The organic matter buried in the black shales of the mid-Cretaceous is the source of much of the world’s petroleum—but the conditions leading to the deposition of these curious sedimentary units remain a paleoceanographic puzzle. Two classical explanations are invoked to explain their existence—the coastal upwelling “bath-tub ring” model of elevated marine productivity, and the stagnant ocean “Black Sea” model of improved organic matter preservation. Neither notion, however, is very satisfactory. Recent work based on geochemical and microfossil similarities between Pliocene-Quaternary sapropels—oozes composed of algal and bacterial remains that accumulated in anaerobic marine environments—of the Mediterranean Sea and the black shales has led to the development of a feasible third model. The conditions that fostered sapropel deposition are fairly well known, and involve freshening of surface waters of the Mediterranean during periods of wetter climate. Black shale deposition similarly coincided with times of a wetter, greenhouse climate.
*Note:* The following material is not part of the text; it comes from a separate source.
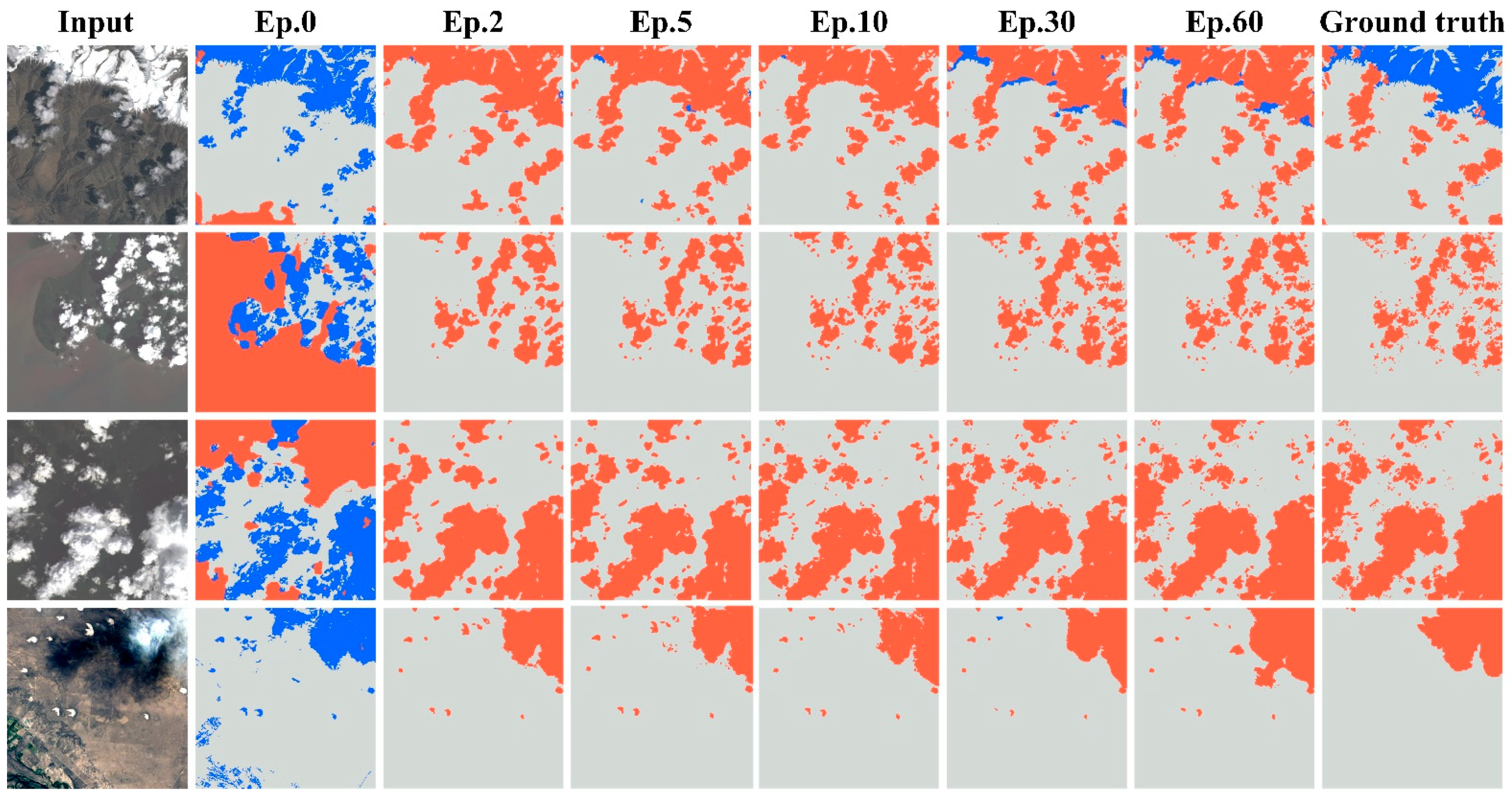 Remotesensing 13 04805 g022 550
By analogy, surface dilution of the ocean led to microbially-enhanced organic matter production during deposition of the mid-Cretaceous black shales. The “greenhouse” model suggests that climate-induced surface stratification of the ocean was necessary for the increased marine productivity that created both the sapropels and the black shales and probably many of the world’s petroleum source rocks.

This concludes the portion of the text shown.